The last vestiges of winter are behind us. And so with the sun-streaked advent of springtime, we find flowers in bloom, bees abuzz and skies a-blue.

And best of all, the return of "The Sopranos" is only days away. The scuttlebutt is that a major character will be killed on the first episode (any predictions on who it will be?)

Many vats of ink have been spilled over the past several years by self-styled culture pundits pontificating over what makes the HBO series such a phenomenon (the latest treatise comes from Newsweek, by the way, which offers some half-baked thesis about it involving a close-knit family).

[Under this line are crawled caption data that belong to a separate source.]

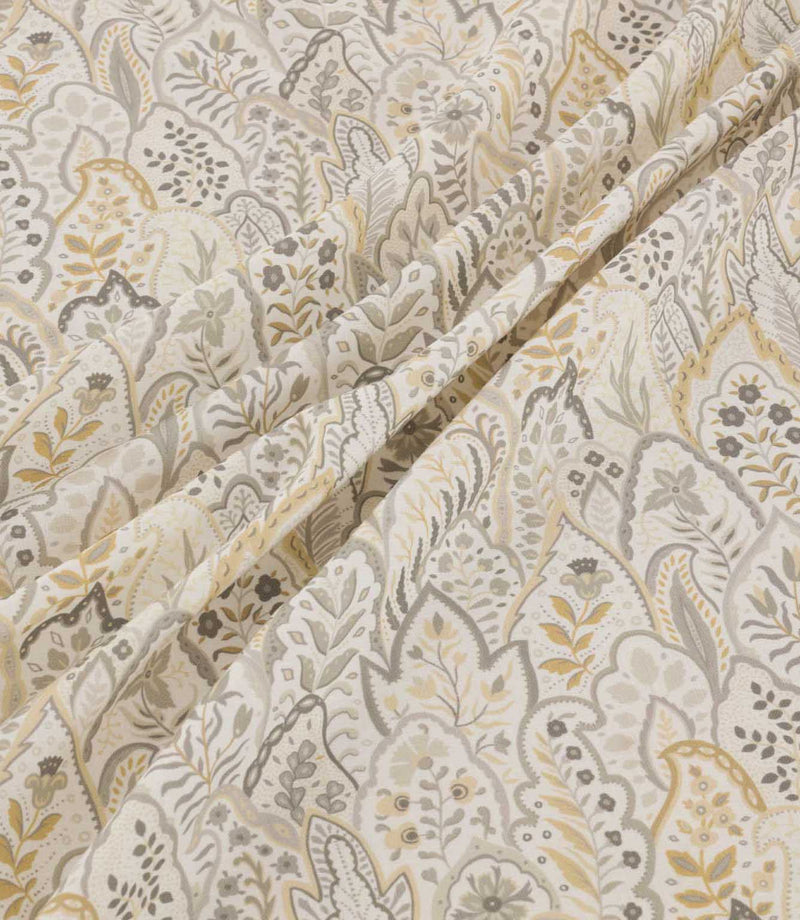 Hitherhill Gull floral fabric arranged in soft, flowing folds, showcasing its layered botanical pattern of stylised leaves, delicate flowers and branching foliage in muted grey, taupe and pale gold tones against an ivory background.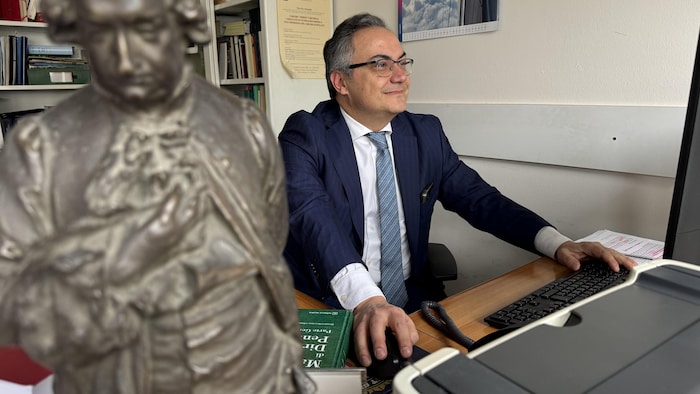 Gian Luigi Gatta, professeur titulaire de droit pénal à l'Université de Milan et président de l'Association italienne des professeurs de droit pénal, est assis à son bureau.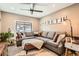 Comfortable living room featuring a large grey sectional sofa, creating a cozy spot for relaxation at 327 S Xanadu St, Aurora, CO 80012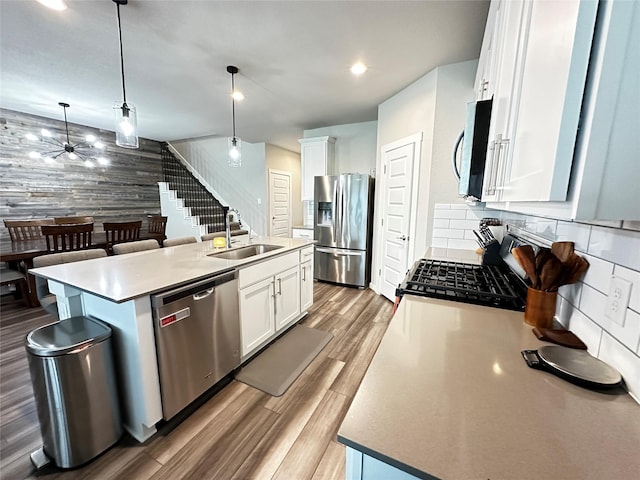 kitchen featuring stainless steel appliances, a sink, a center island with sink, and pendant lighting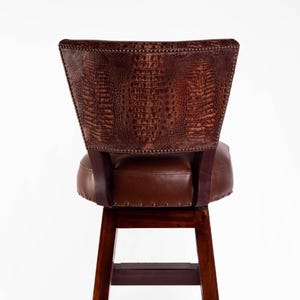 May include: A brown leather bar stool with a crocodile-textured backrest. The seat and back are a darker brown, with a wooden frame and legs. The backrest is studded with small metal tacks.
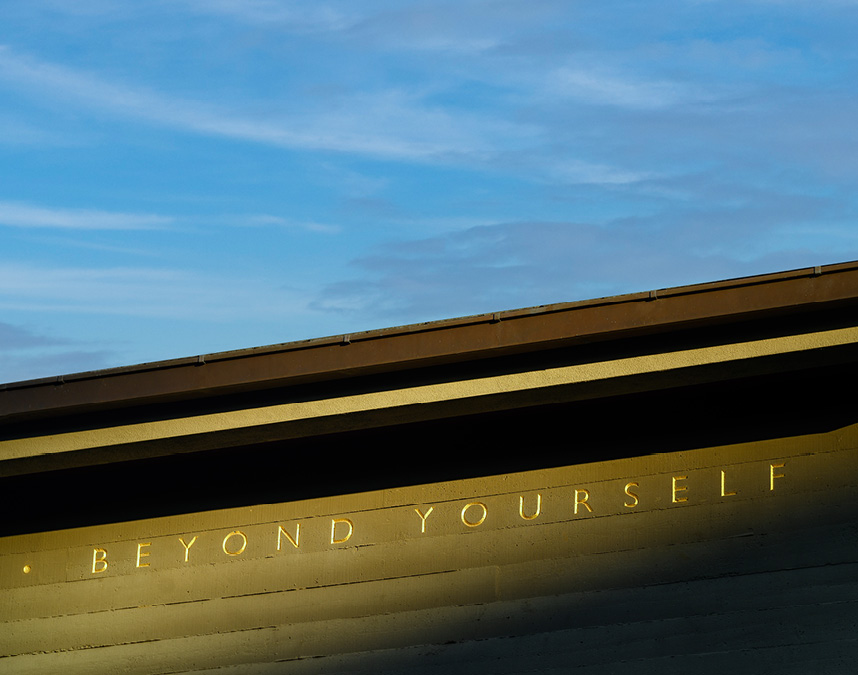 Image of building on campus with words "Beyond Yourself" inscribed on it.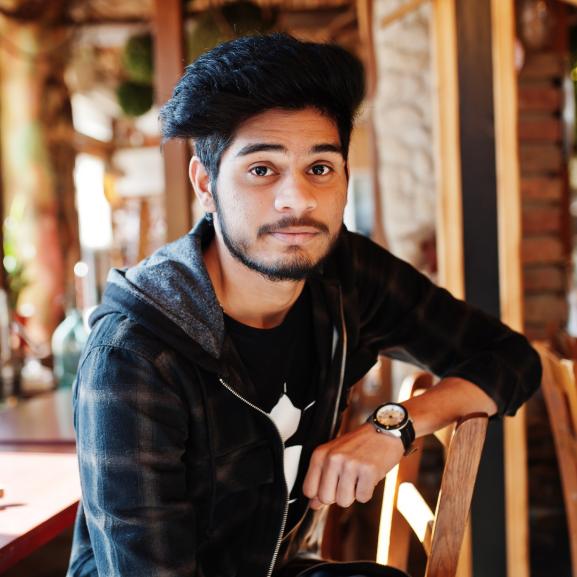 Young Asian man looking into camera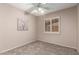 A serene bedroom has neutral walls, plush carpet, and a bright, shuttered window at 15022 N 22Nd Ln, Phoenix, AZ 85023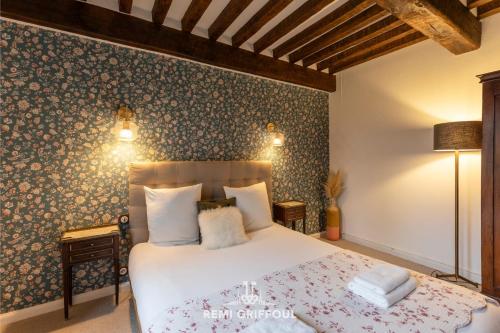 - une chambre avec un lit et un mur recouvert de papier peint dans l'établissement Le refuge Balte 4 - Nordic Spa with Wood Fire - Unique Experience, à Gonneville-sur-Honfleur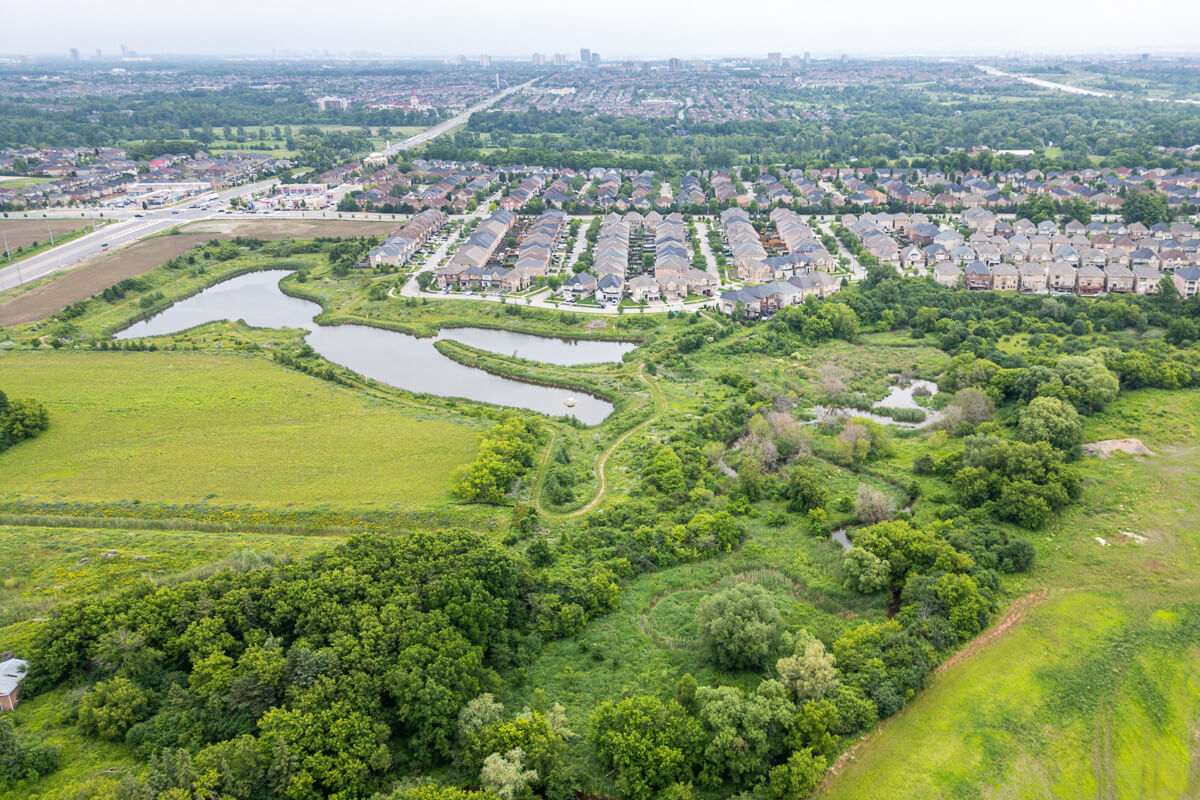 City aerial view with high rise buildings and neighbourhood, drone real estate photography Greater Toronto Area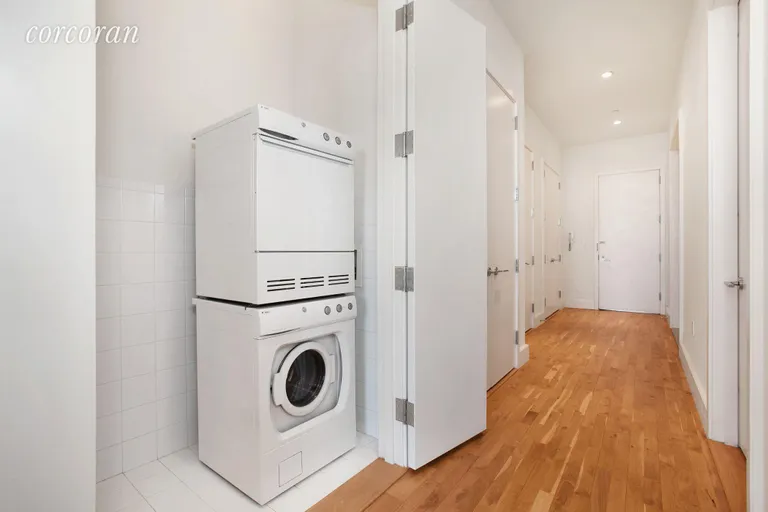 New York City Real Estate | View 360 Furman Street, 911 | Laundry Room in Unit And Hallway Lined W/ Closets | View 9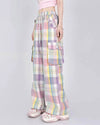 Soft girl aesthetic cargo pants in pastel plaid. Designed with an oversized fit and multiple pockets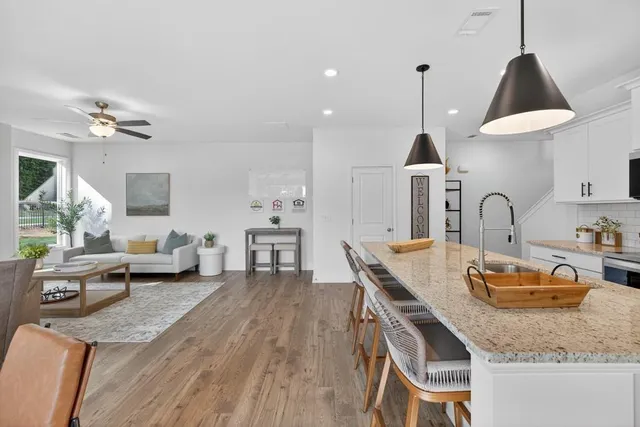 a living room with furniture a fireplace and a large window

Since David Chase's Mob soap opera debuted in 1999, network programs such as "Lost" and "24" have exacted similar holds on their respective audiences, but the depth -- and, dare we say, profundity -- of "Sopranos" is in a league by itself.

So, what does account for "The Sopranos" mystique?

In my humble estimation, there aren't any overarching mysteries responsible for "Sopranos" success.

It's the writing, stupid.

David Chase has simply created rich, complex, interesting characters -- characters who would be uncharacteristically complicated for literature, much less the cramped confines of the small screen. Tony Soprano is a being of extremes, but "The Sopranos" doesn't simply hang its hat on dichotomies (lookie! he's a vicious mob boss who loves his kids!). The central characters of "The Sopranos" are exceptionally well-drawn, and it is from their full-bodied lives that the stories' depth unfold. David Chase doesn't condescend to his audience; that in itself almost makes his show a novelty.

While there's no denying that generous helpings of sex and violence boost the show's visceral appeal, the main draw is old-fashioned storytelling. Who woulda thunk it?


At 11:16 AM, Anonymous TokenLiberal said...

I agree with the writing comment. It's also exceptionally well acted. Makes other TV dramas look like, well, TV dramas.